Alle Jahre wieder: Elf Monate läuft das Geschäft mehr oder weniger gut, in den letzten vier Wochen brummt der Laden auf Teufel komm raus – hoffentlich! Denn wehe, es kommt Sand ins Getriebe. Dann ist Feuer unterm Dach. Darum muss das Jahresendgeschäft gut geplant sein.

Nur den Trends hinterherzurennen, ist zu kurzfristig gedacht. Wichtiger ist die Kundschaft – neben der Laufkundschaft ganz besonders die Bestandskunden.
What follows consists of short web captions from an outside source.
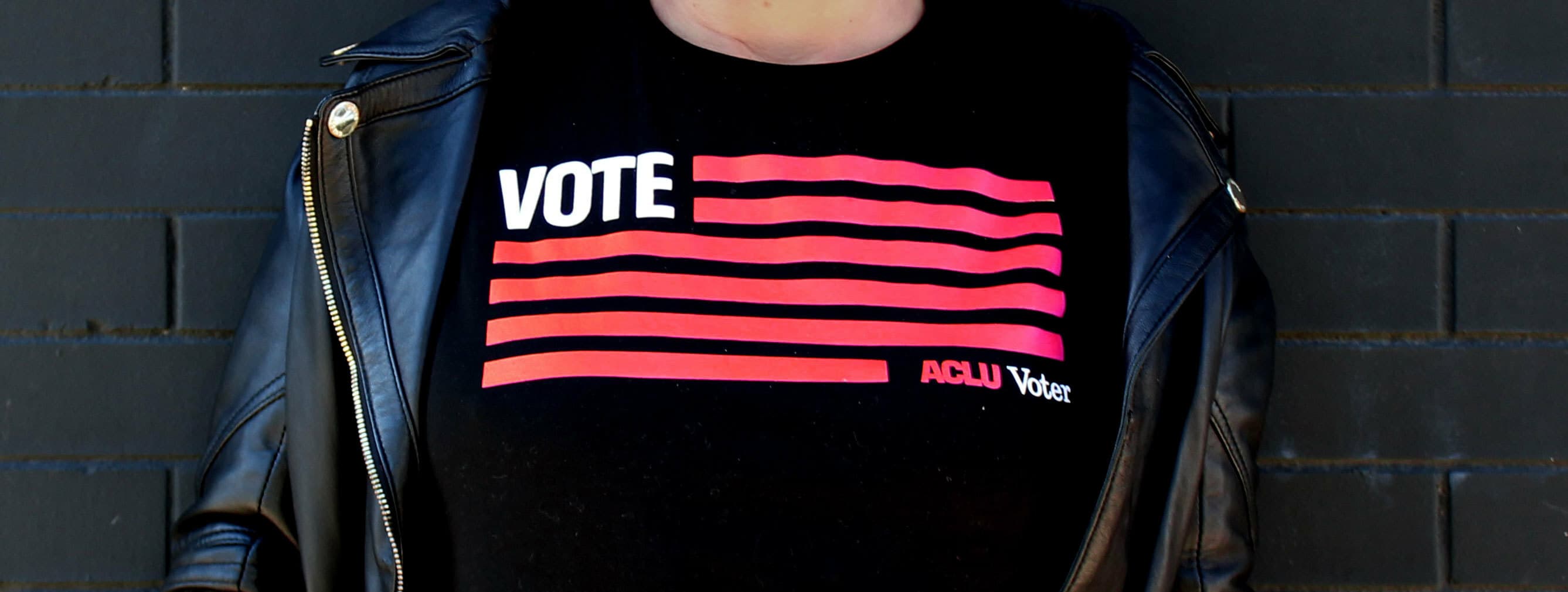 A person wearing a black leather jacket and a black shirt with the word "VOTE" in white, and the ACLU Voter logo featuring red stripes resembling the American flag. The background consists of dark, horizontal bricks.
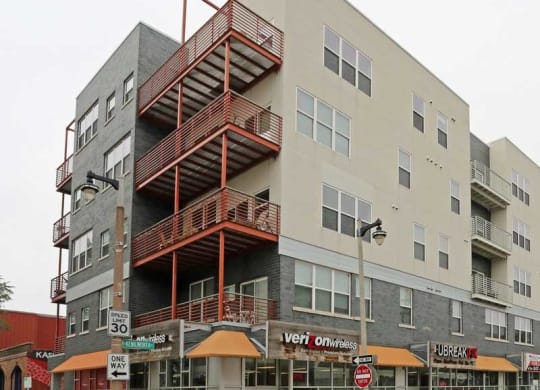 Street view of the Latitude Apartments, a modern, multi-story apartment building with retail stores on the ground floor. Orange awnings and metal balconies create a contemporary feel.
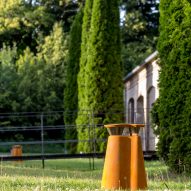 Bollard on a lawn with an old building behind it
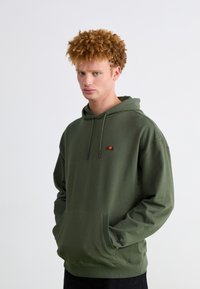 Sudadera verde de tejido suave, con un bolsillo frontal y cordones. Pequeño logotipo de color en el pecho. Ajuste relajado con dobladillo acanalado.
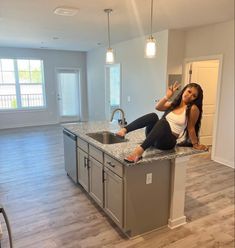 a beautiful woman sitting on top of a kitchen counter next to a sink and oven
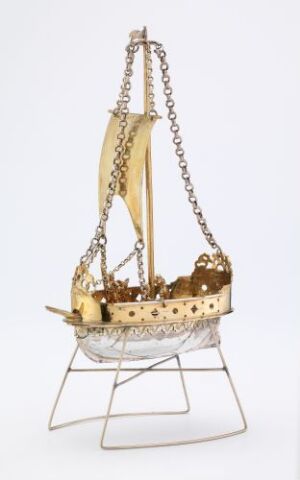  Ornamental golden sailing ship with intricate detailing, suspended by a chain from a silver wire stand against a white background. Artist name and title unknown.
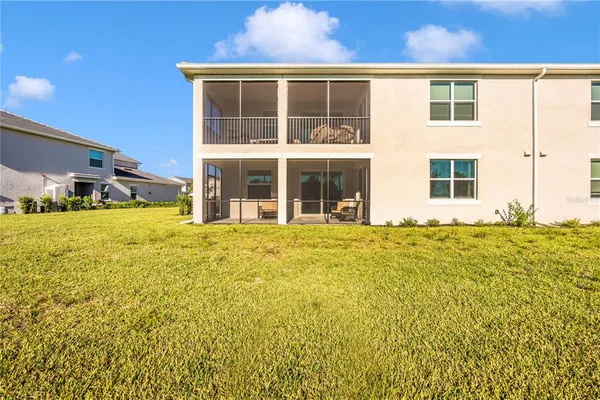 a view of a house with backyard porch and sitting area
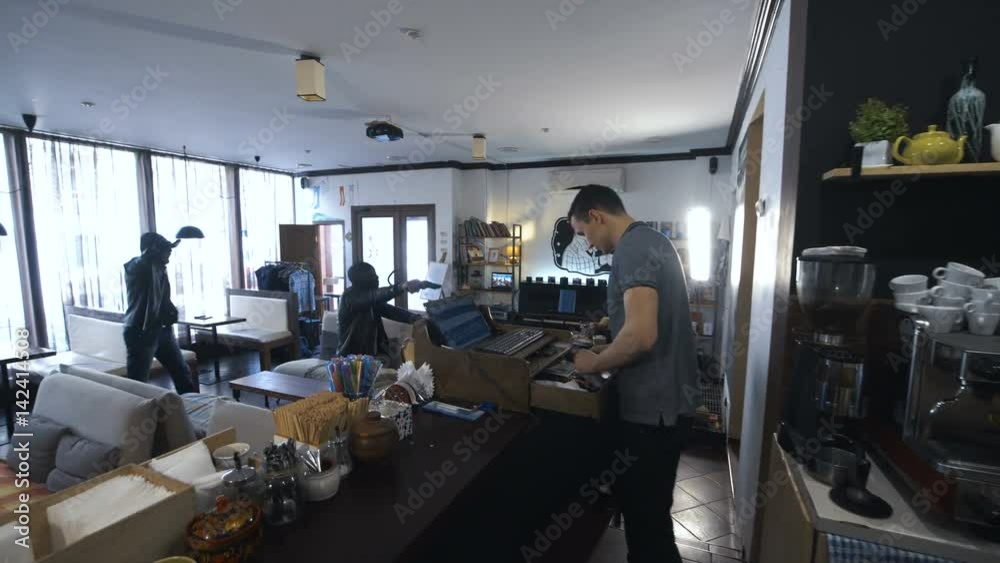 Two African people walking into the shop and aiming to the assistant with guns. Two African people walking into the shop and aiming to the assistant with guns.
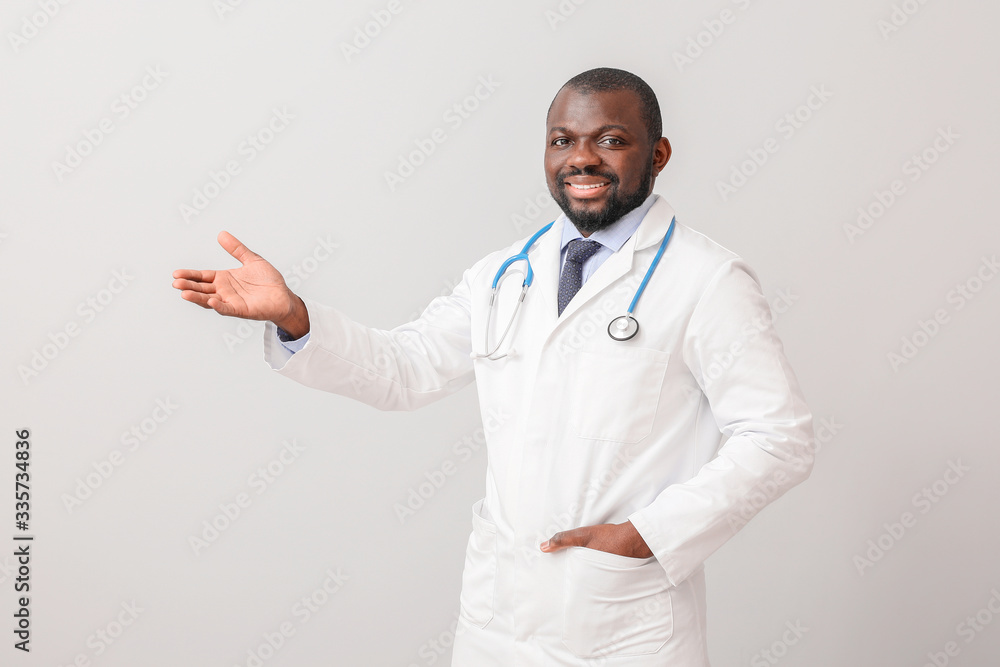 African-American doctor showing something on light background African-American doctor showing something on light background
Ihre Wünsche und Bedürfnisse muss der TK-Fachhändler kennen, vielleicht auch erahnen, auf jeden Fall sich intensiv mit seiner Kundschaft auseinandersetzen – und dann aktiv auf die Lieferanten zugehen.

So wird nicht nur der Umsatz angekurbelt, sondern auch das Ergebnis verbessert. Dazu noch ein paar Trendprodukte, im Zweifel auch von einem zusätzlichen Lieferanten, dann steht einem guten Weihnachtsgeschäft nichts im Wege. Zumal Provider, Hersteller und Distributoren ebenfalls vom Jahresendgeschäft abhängig sind.